YOUR ASSIGNMENT: In the entries that follow, repeat exactly the lines from the one that has "贵州省遵义市播州区枫香镇花茂村田园风光图片素材" through the one that has "Carburants: elle troque", but omit pictures.

THE DATA:
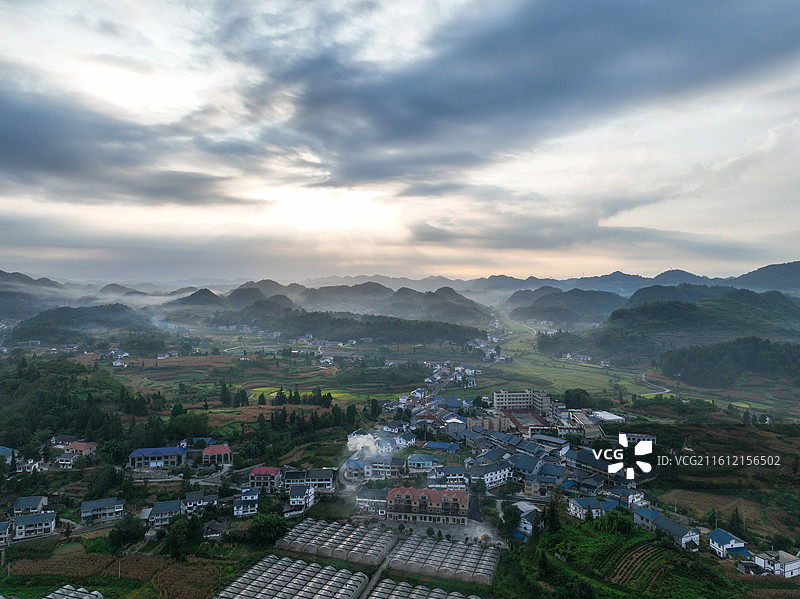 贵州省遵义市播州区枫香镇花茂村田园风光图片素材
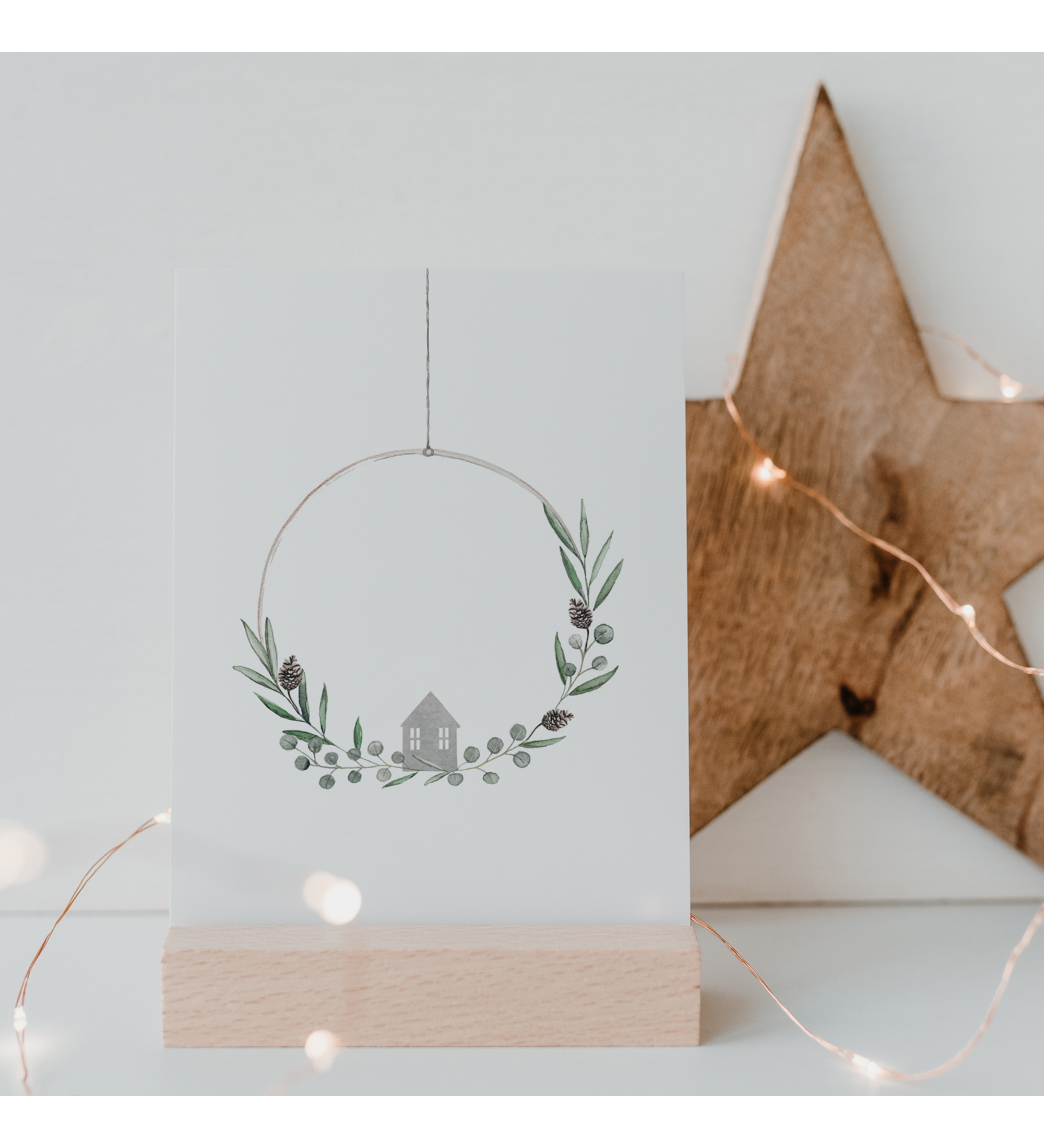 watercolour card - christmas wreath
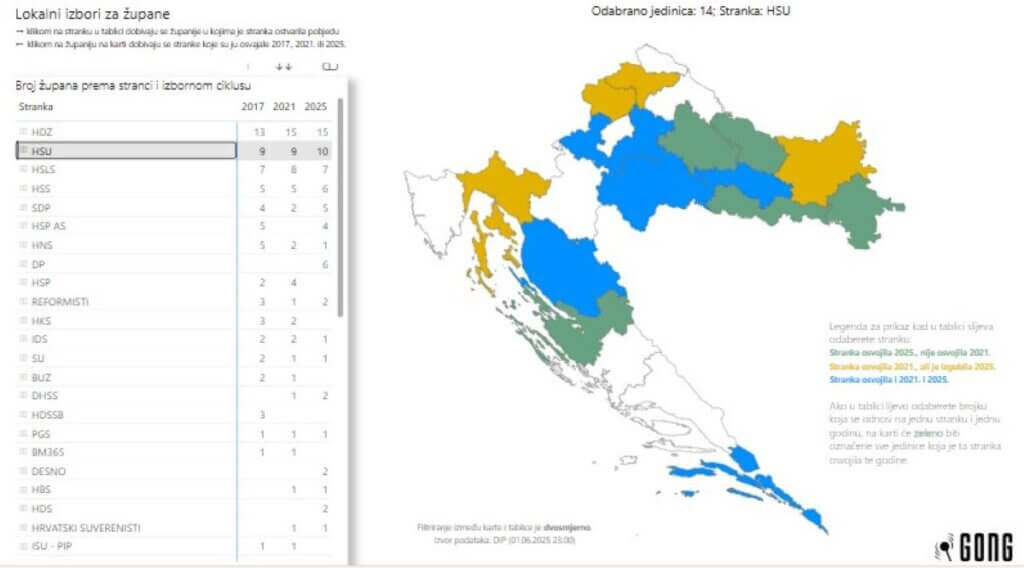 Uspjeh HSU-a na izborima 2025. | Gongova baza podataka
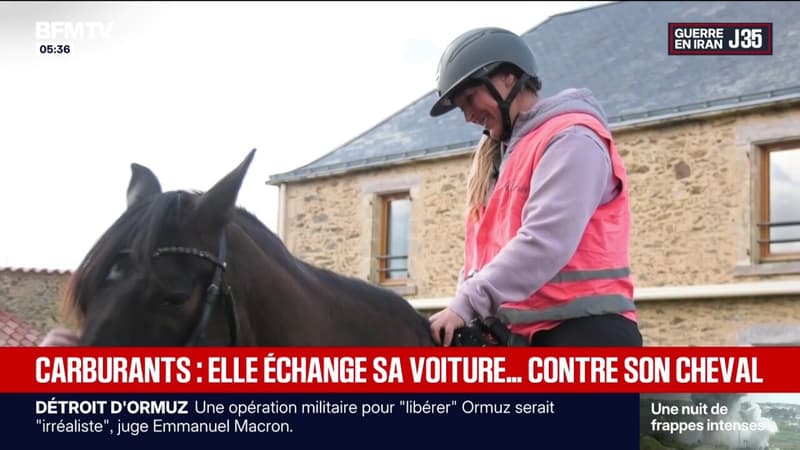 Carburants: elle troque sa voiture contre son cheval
--
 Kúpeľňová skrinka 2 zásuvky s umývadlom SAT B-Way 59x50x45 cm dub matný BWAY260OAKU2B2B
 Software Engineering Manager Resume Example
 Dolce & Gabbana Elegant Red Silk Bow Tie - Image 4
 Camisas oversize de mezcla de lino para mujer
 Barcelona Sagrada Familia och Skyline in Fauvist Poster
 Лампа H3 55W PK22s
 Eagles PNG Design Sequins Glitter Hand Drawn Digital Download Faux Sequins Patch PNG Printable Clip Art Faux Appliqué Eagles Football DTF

RESULT FOR THIS EXERCISE:
 贵州省遵义市播州区枫香镇花茂村田园风光图片素材
 watercolour card - christmas wreath
 Uspjeh HSU-a na izborima 2025. | Gongova baza podataka
 Carburants: elle troque sa voiture contre son cheval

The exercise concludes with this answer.